One of these longer RPG games puts a particular spotlight on that. While one of them is set during the era of the Holy Roman Empire, the other is set in Japan. Fans have been asking for this for years, and Ubisoft is finally giving it to them. There’s only one problem: Sucker Punch got there first.

There are many eras of Japanese history, and Ghost of Tsushima itself is not particularly accurate, taking place before the advent of katanas and haiku. Still, when fans have been asking for a Japanese AC, they have been asking for Tsushima. For all the arguments about the inaccuracies and fetishisation of Japanese history, Tsushima is extremely popular, not to mention glossier and more focused than Assassin’s Creed. Typically, AC has been without compare. No other major video games are set in Viking Britain, in the Renaissance, in Damascus. They’re good games, sure, but they’re also the best by default. Heading to Japan means taking on Tsushima, and I’m not sure this current version of Assassin’s Creed has what it takes.

I’m less enamoured with Tsushima than some fans were, and were it not positioned against The Last of Us Part 2 in a strange culture war, I’m not sure it ever would have been voted Fan Choice at The Game Awards.
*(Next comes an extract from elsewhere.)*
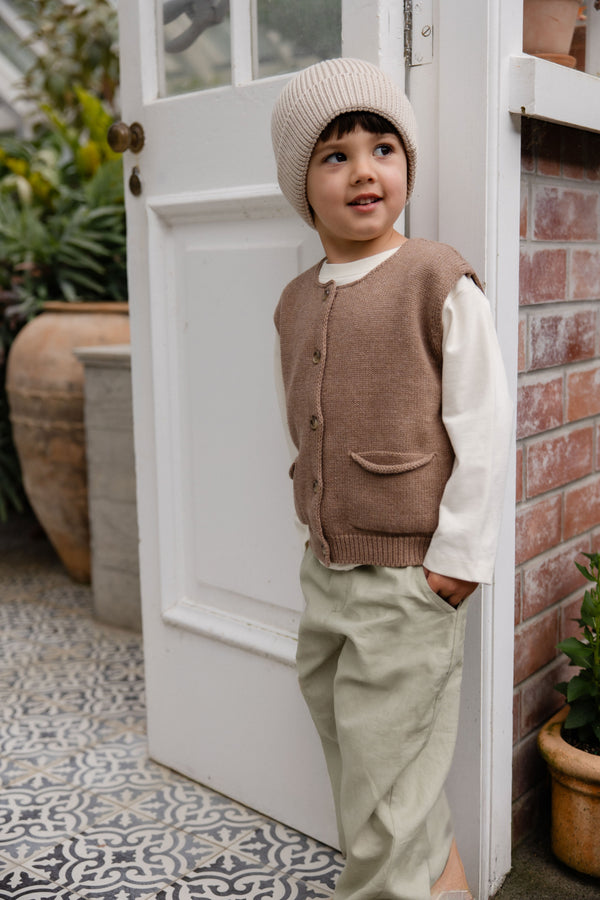 Flynn Vest - Doe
Still, it’s popular, competent, and quite good. While I love the earlier Assassin’s Creed games, it feels like the series has drifted.

Ghost of Tsushima Mask

Attempts to write strong characters have been hamstrung by a boardroom insistence on demographic appeal, seeing female characters pushed to the sidelines again and again. The ‘just ten more minutes’ appeal the games used to have has turned sour and manipulative. It used to be that we played more because we wanted to. Now we play because we’ll never finish otherwise.

Assassin’s Creed has missed its window. There was always a sense that Japan was a mite too obvious, but now that Tsushima has made a go of it, Assassin’s Creed finds itself chasing the pack. It’s a strange tactic, oddly fitting for the direction Ubisoft has taken the series in. It likely won’t be all that good, but is a cheap popularity win, and that’s all that matters. Having resisted the easy route for so long, Ubisoft has waited until the path has become treacherous to make its attempt. It’s monumentally poor planning.

We have no idea if the game will be any good, or even what it will look like in a post-Infinity, post-Mirage world. But Assassin’s Creed has stumbled of late, losing its way and losing track of what made it great. It keeps pushing forward with no real reason why, and now it’s chasing another game’s high. For a series all about history, it’s oddly afraid of its own past.